Local Center Practice Notes: On Coming Together When We Don’t Have All the Answers

In Practice Notes, you’ll hear from Local Center teams and our own staff about what we’re learning as we support community-led design projects across New York City.

By Martha Snow

A few weeks ago, our Local Center teams came together on a chilly Wednesday afternoon, over empanadas, coffee and cookies, to discuss their projects to reclaim public spaces across the city this summer. We started out with just the teams, sharing slide decks with photos and renderings in progress. Then, we invited in our broader network — designers, planners, organizers, community leaders, and more for a panel discussion and workshop. 

Since they started their work together last June, the teams have been doing wonderful things – creatively engaging with their neighbors, assembling coalitions of partner organizations and artists, and building the groundwork for their projects to come to life. But this is also a moment where they are facing the real challenges that come with developing community-driven work in public space. 

In planning this evening, we intentionally created a program in the middle of our teams’ projects, where things may be feeling challenging or unclear, to take a moment to pause and take stock, connect with others, and look for solutions together. Structuring in time to not have the answers may seem counterintuitive, especially when time pressure is often at the forefront of our minds. Progress is often measured by advancement along a predefined trajectory. But I believe we need to also celebrate different measures of progress, like how we are able to adapt to meet the moment or recognize emergent circumstances, or the ways we build trust to rely on each other to solve problems. 

During the panel discussion, I asked a few team members to reflect on moments that they had to adapt, or change course, prefacing to the audience, with a laugh, that we were welcoming them into the messiness of it all. As I looked around the room, I saw eager nods of recognition and relief, as if people were saying yes, this work is hard! And nonlinear! Thank goodness someone said it out loud! 

The teams met the moment with generosity and grace, sharing their ideas with each other while honoring bigger challenges. One team reflected on the challenges of engaging with their neighbors who are facing pressing concerns like housing affordability, food insecurity, access to childcare, and more. Another recognized the difficulties that emerging designers face in building sustainable small businesses that do community-driven work. 

After the panel, we sat around big round tables, scribbling reflections and drawings on big pieces of paper. Participants reflected on their own journeys and what they think needs to change to enable more community-driven public space work in the city. 

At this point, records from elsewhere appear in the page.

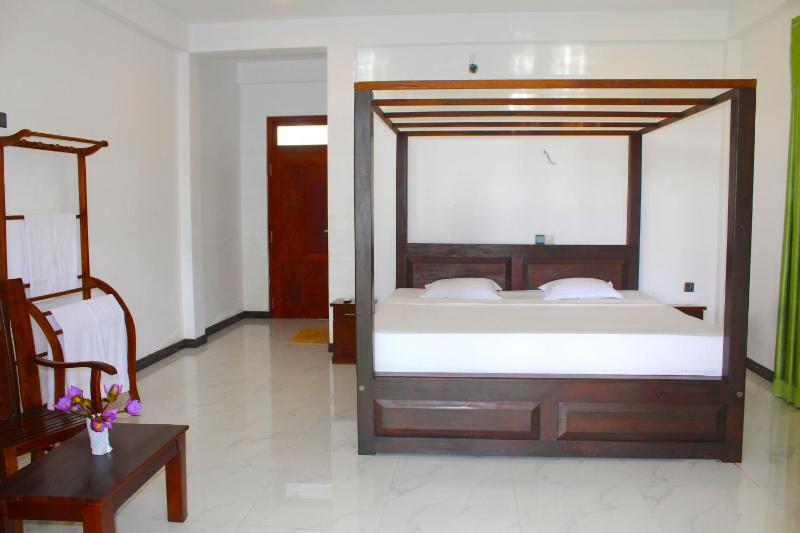 CPS Lihini Beach Hotel - image 20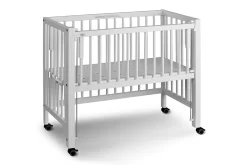 Tissi Beistellbett / Anstellbett SOPHIE* Babybetten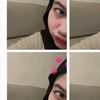 chiiaaa92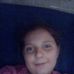 Barbara Merlin - Facebook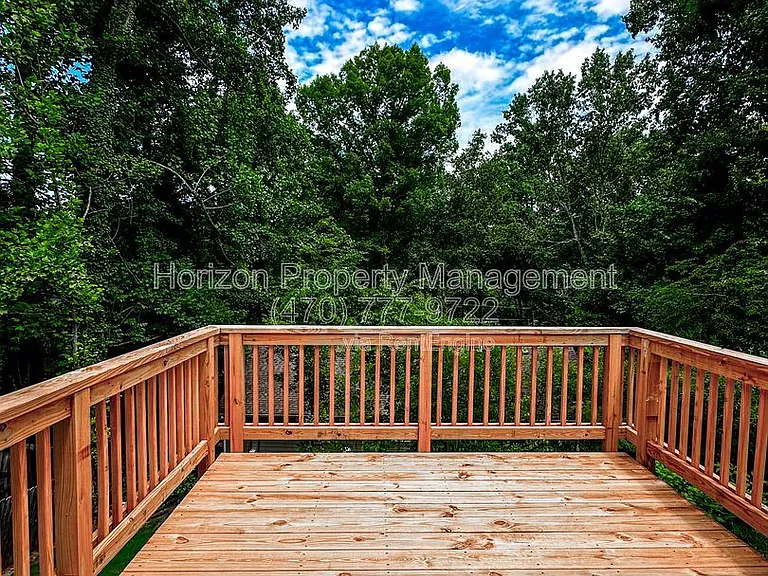 3475 Monterey St — Photo 22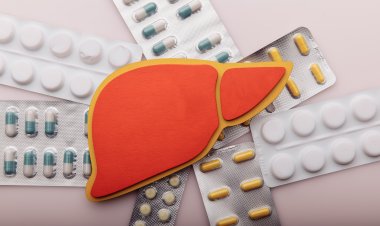 Global Hepatitis C Drug Market Size to Reach $56.5 Billion at a CAGR of 14.5% by 2030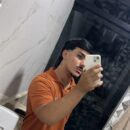 Foto do perfil do trabalhador freelancer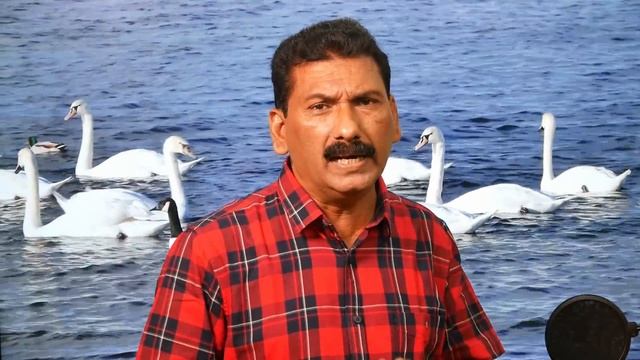 God of war vs Assassin's |Return of Levi Garrison | Mlife Daily|BS CHANDRA MOHAN |EP 109 смотреть онлайн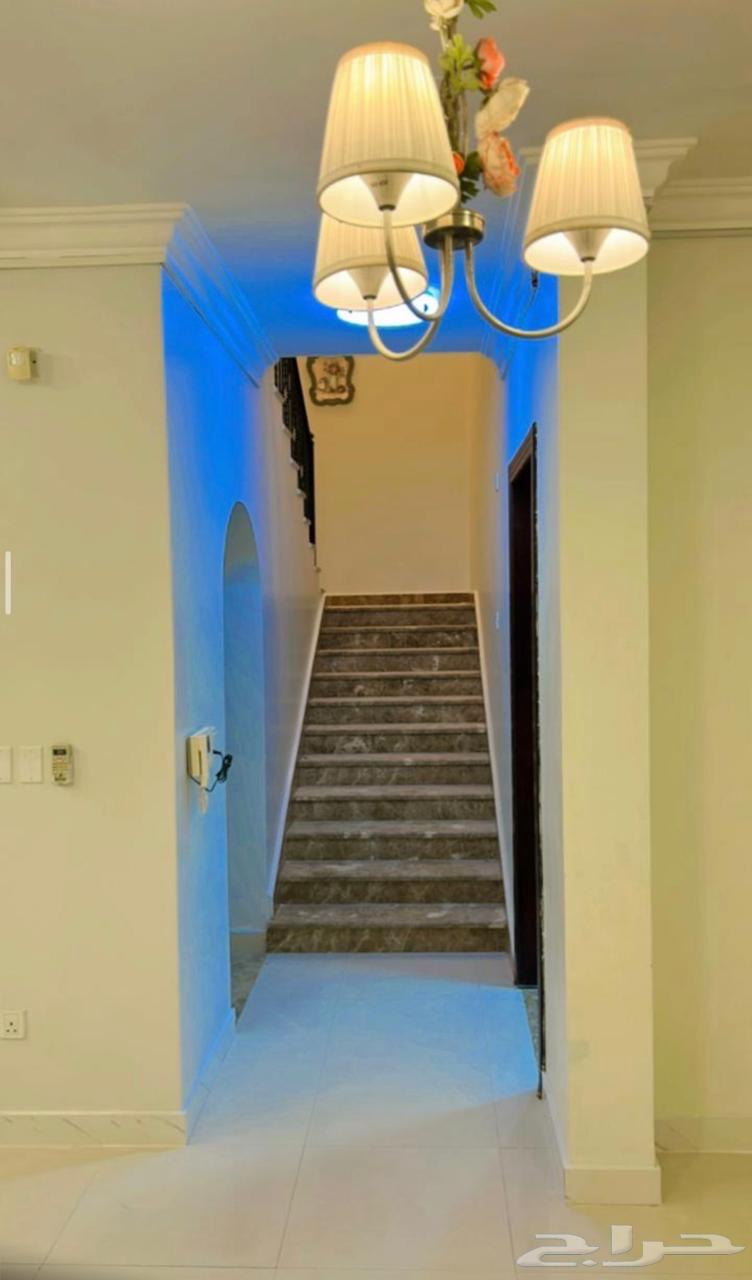 3 bedroom villa in Al Safa 22
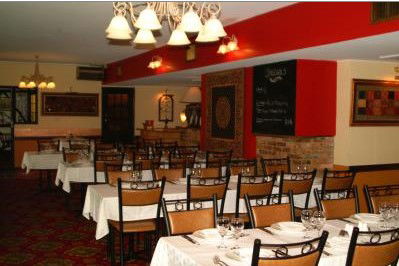 Ascot Motor Inn - Darwin Tourism 2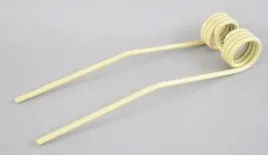 palec-przetrzasacza-pasuje-do-galfre-466420kr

Reflecting on our role, I think it’s powerful for us, as an institution and convening organization, to put a stake in the ground and say: we are putting value on the type of design and problem solving that doesn’t happen over a 15-minute Zoom call, but happens together, in our neighborhoods. We are also equally valuing the people that have the courage to say, “We don’t know the answer, let’s work through it together,” as those who come with polished solutions or shiny renderings. 

Something we hope to do is cultivate spaces where people can connect, find purpose, and cultivate joy. When we ended the night with raucous applause and celebration, I felt all those things in the room. And I’m thrilled to hear that people that connected for the first time that evening are still in touch, scheming ways to work together. I hope you’ll join the next one! 

Martha Snow is the Director of Community Design at Urban Design Forum.